Tandis que le ministre de l’église épiscopale tonnait ainsi à la fois contre les catholiques, les dissenters mystiques et les révolutionnaires, un ministre méthodiste prêchait, dans une autre église en l’honneur de Kossuth et de l’intervention, à un certain degré, de l’Amérique dans les affaires européennes.

J’ai vu à Cambridge ce qu’il y a, je crois, de mieux aux États-Unis sous le rapport des sciences naturelles. Ici j’ai eu occasion d’interroger un professeur de chimie de l’université de New-York, M. Draper, sur le progrès des connaissances physiques.
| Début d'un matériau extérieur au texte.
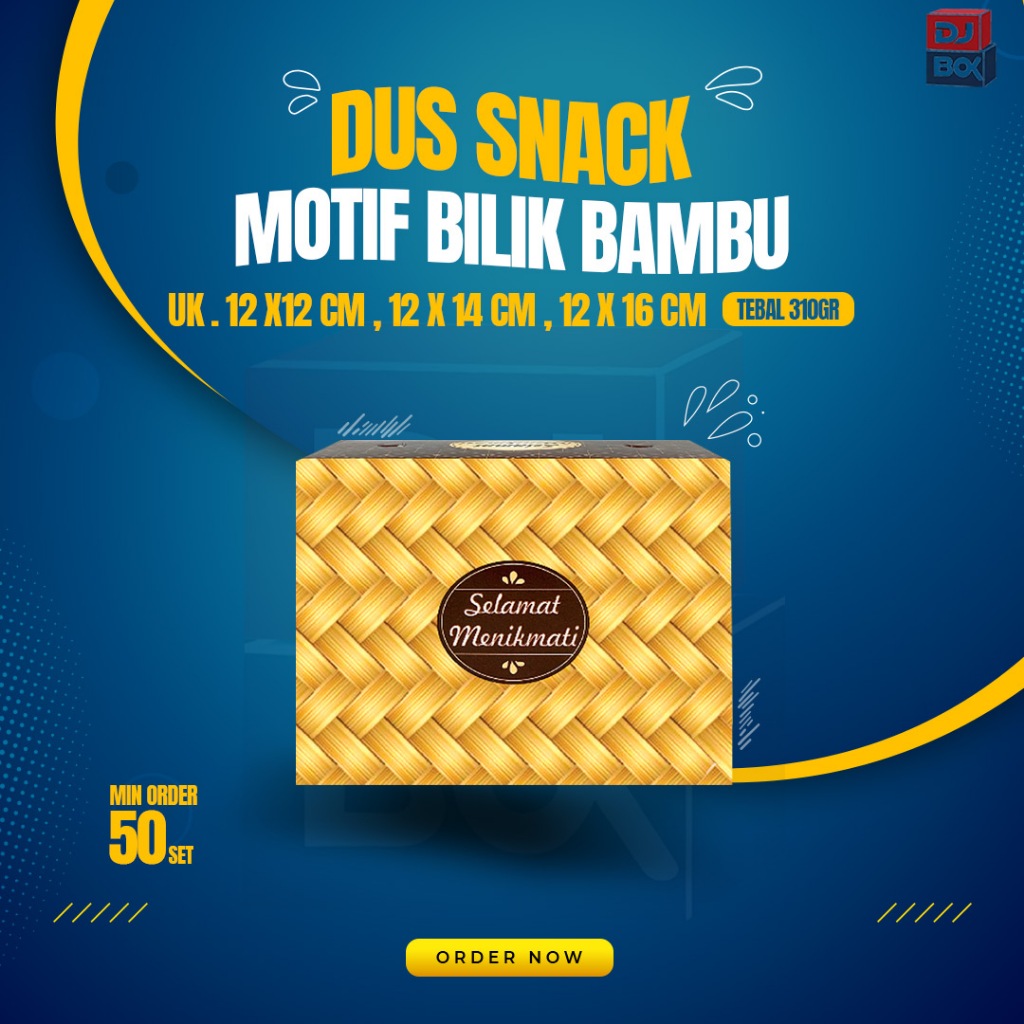 Dus Snack Model GS Motif Bilik Bambu Tanpa Laminasi. Minimal order 50 PCS/ 50 lembar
Sa réponse m’a frappé d’autant plus qu’il est Anglais de naissance, et par conséquent moins exposé a céder, en vantant l’Amérique, à un préjugé national. Nous parlions du journal scientifique de Silliman, bien connu et estimé en Europe. M. Draper m’a dit qu’à l’origine la plus grande partie de ce journal était remplie de comptes-rendus des travaux européens, et que les recherches originales des Américains étaient en minorité, mais que maintenant la proportion était inverse. M. Draper disait vrai, comme chacun peut s’en assurer ; ce fait n’est-il pas la preuve d’un progrès évident ?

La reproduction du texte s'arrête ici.